Tone Madison: How do you conceptualize the relationship between the original Spin piece that alerted you to the segregated proms, and everything that has grown out of it? Also, does the film do something that this exhibit does not and vice versa? The other iterations? Do they all form something greater than the sum of their parts?

Gillian Laub: The Spin piece planted the seed. And like most of my projects, they take a long time to be realized and to develop. Each medium is its own entity and is meant to stand alone. Because of the complexity, I do feel that together all the pieces (the film, exhibition, and book) help the viewer really understand the depth of the characters and the intertwining narratives best. Whether they all form something greater than the sum of their parts, I guess that’s for the viewer to determine.

Tone Madison: What was the process like of being a photographer and developing into someone who tells stories using all kinds of mediums? Is it something you would prescribe for all journalists or storytellers, and would you have done it had you not encountered Mount Vernon?

Gillian Laub: This turned into a film project out of necessity. I had zero idea or experience in filmmaking, but I knew the story needed this medium to communicate certain things that the still photographs couldn’t during a certain turning point in the project. It was a fast learning curve! I do think eventually I would have gravitated to filmmaking, but this was certainly the catalyst.

I think there are some artists and storytellers who also seamlessly cross over mediums and it really deepens their work. But I always say it’s not about the tools—it’s about the voice using them. I do urge students to learn as many skills in storytelling as possible. These days there is a greater need for video content, as print is not in the best place.


“Niesha with her children, Vidalia, Georgia.”

“Niesha with her children, Vidalia, Georgia.”

Tone Madison: How did your time as an undergrad at UW-Madison impact what you would go on to do, even if you didn’t study photography or journalism here?

Gillian Laub: I am grateful to have had a well-rounded education at UW. My art history and English literature classes had a huge impact on me. I learned that I wasn’t good at writing, but my love of narrative storytelling influenced my visual art making.  

Tone Madison: You said in one interview that the only power you have is to tell the story. But even that seems like it comes with a lot of responsibility. What qualifies people to tell stories, especially those of communities the storyteller is not a part of?

Gillian Laub: When people share their lives and trust you with their stories, this is a huge responsibility. I don’t take this lightly and am very sensitive to the fact that I am often coming in as an outsider.
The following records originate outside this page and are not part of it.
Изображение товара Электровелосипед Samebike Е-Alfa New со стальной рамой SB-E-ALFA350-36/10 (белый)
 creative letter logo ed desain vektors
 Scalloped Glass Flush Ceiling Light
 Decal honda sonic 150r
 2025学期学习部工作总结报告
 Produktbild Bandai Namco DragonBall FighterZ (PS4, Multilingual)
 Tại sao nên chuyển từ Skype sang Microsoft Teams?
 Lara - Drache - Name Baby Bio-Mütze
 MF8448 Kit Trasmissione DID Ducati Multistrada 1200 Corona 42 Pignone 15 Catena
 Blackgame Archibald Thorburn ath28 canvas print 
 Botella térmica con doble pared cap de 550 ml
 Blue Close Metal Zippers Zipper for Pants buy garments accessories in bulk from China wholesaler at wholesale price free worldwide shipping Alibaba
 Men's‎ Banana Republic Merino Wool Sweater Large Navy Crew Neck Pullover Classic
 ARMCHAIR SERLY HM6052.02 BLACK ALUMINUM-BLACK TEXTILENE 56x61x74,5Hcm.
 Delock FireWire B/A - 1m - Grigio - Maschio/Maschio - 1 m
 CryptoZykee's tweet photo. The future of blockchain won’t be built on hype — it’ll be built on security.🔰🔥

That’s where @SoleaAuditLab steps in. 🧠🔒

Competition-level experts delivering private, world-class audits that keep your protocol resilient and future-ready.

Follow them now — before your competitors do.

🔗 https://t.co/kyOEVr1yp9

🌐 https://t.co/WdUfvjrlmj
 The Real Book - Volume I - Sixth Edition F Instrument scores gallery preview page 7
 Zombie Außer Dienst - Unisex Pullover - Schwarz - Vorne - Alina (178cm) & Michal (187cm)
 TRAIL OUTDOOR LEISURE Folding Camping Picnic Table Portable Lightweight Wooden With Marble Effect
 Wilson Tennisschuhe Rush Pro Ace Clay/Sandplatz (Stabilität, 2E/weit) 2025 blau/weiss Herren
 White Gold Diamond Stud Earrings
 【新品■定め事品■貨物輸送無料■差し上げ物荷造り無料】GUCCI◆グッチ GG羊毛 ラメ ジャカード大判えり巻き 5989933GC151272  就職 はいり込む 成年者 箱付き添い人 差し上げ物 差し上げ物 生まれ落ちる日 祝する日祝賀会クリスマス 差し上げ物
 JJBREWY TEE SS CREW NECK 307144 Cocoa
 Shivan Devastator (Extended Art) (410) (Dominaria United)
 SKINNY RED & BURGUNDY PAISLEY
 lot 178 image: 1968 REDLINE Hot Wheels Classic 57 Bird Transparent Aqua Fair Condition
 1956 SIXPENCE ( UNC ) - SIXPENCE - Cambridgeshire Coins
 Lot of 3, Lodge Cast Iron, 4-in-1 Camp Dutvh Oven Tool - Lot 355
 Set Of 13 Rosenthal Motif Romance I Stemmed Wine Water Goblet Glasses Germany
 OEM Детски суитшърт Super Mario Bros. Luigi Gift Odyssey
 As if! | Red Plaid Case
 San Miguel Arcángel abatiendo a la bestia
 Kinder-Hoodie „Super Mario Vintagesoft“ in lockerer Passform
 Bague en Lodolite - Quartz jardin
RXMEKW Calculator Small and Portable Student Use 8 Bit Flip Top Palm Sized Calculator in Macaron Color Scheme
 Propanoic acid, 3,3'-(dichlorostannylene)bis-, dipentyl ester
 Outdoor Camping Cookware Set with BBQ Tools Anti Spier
That’s why I think it is so important to not helicopter in and ever do anything superficially. This is also why my projects take so many years of development.

Tone Madison: Are you wary of the exhibit creating an effect where people from Wisconsin are shocked at the very overt expressions of racism in Mount Vernon, but then look past the fact that we have the most segregated county in the entire country, and are one of the worst states for black people to live in? How does one bridge the gap between Mount Vernon and the viewer’s community in the mind of the viewer?

Gillian Laub: This is precisely why it is so important for this work to be seen in places that have issues with segregation. Racism exists all over our country and it’s so important for us to have a safe place to discuss this ugly reality. I feel grateful this work is providing a platform for people to reflect upon their own communities and not just think of this of happening somewhere else. Unfortunately, the issues in this community were not an anomaly.

Tone Madison: Do you plan on returning to Montgomery County again? Or have you, since the release of the documentary?

Gillian Laub: I was just there for Keyke’s wedding [Keyke appears in the film and photographs], not as a photographer, but as a guest. I was also in Montgomery County this past November while covering Stacey Abrams’ campaign. Stacey was meeting with residents from Montgomery and neighboring counties. It was wonderful being back there with her.